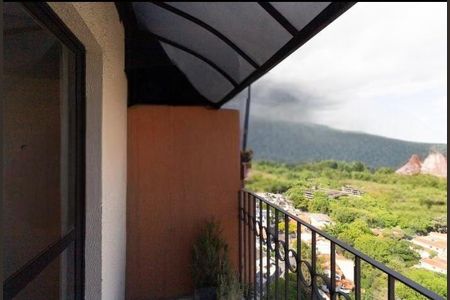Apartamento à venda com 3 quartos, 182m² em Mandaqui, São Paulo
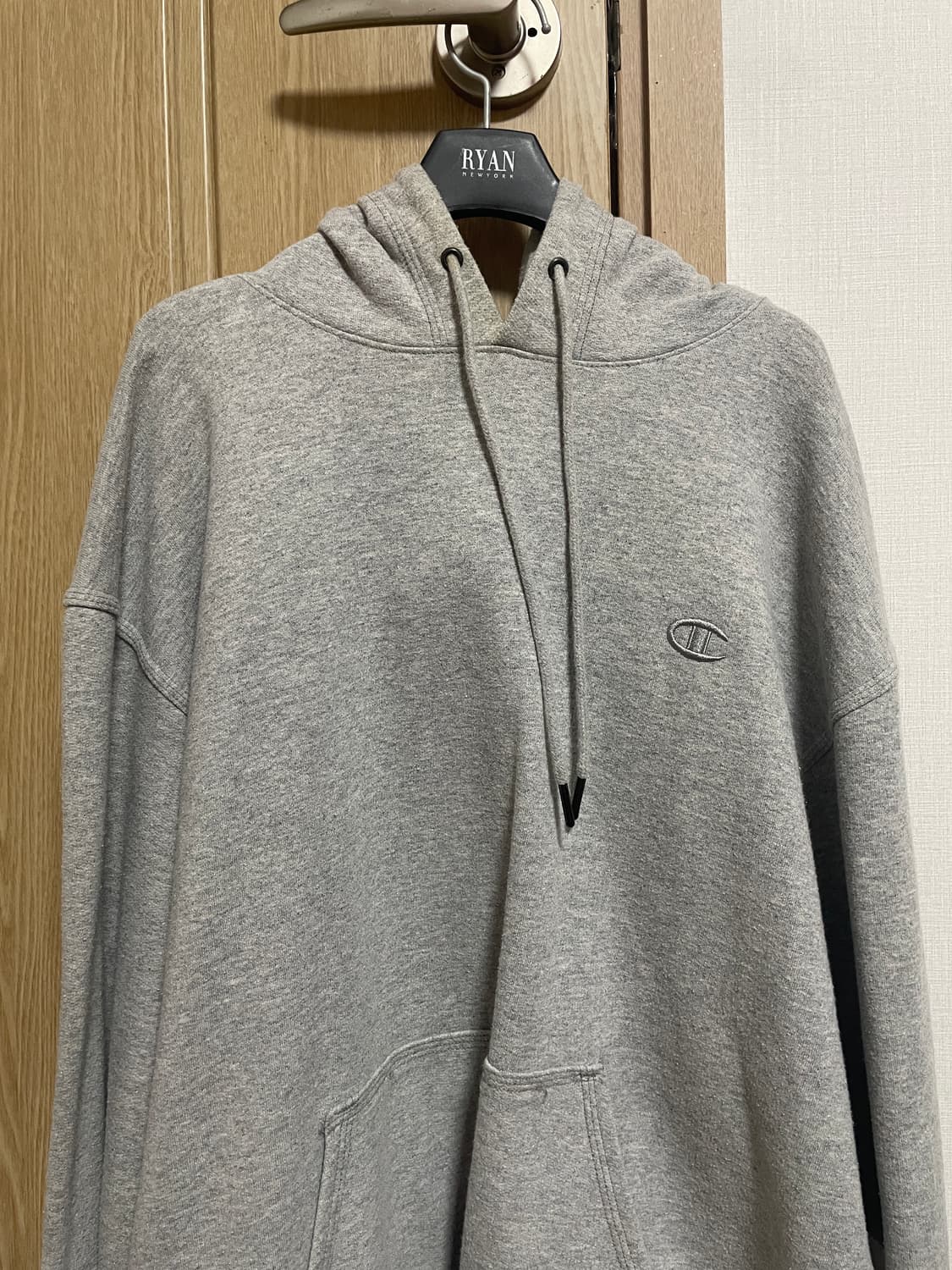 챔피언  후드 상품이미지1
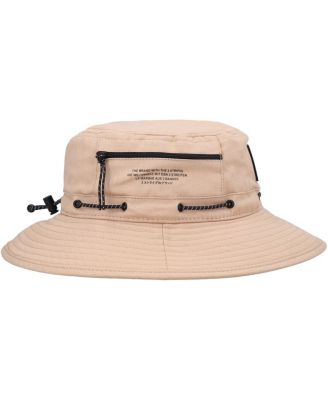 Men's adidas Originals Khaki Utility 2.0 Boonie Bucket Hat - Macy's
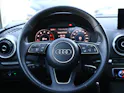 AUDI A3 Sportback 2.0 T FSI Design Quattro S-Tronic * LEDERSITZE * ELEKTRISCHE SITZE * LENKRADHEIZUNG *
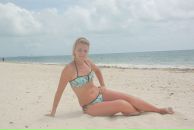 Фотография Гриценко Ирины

★ ★ ★ ★ ★ ★ ★

Exact wording is required throughout: write out all the records, but no pictures.

### Result below
Apartamento à venda com 3 quartos, 182m² em Mandaqui, São Paulo
 챔피언  후드 상품이미지1
 Men's adidas Originals Khaki Utility 2.0 Boonie Bucket Hat - Macy's
 AUDI A3 Sportback 2.0 T FSI Design Quattro S-Tronic * LEDERSITZE * ELEKTRISCHE SITZE * LENKRADHEIZUNG *
 Фотография Гриценко Ирины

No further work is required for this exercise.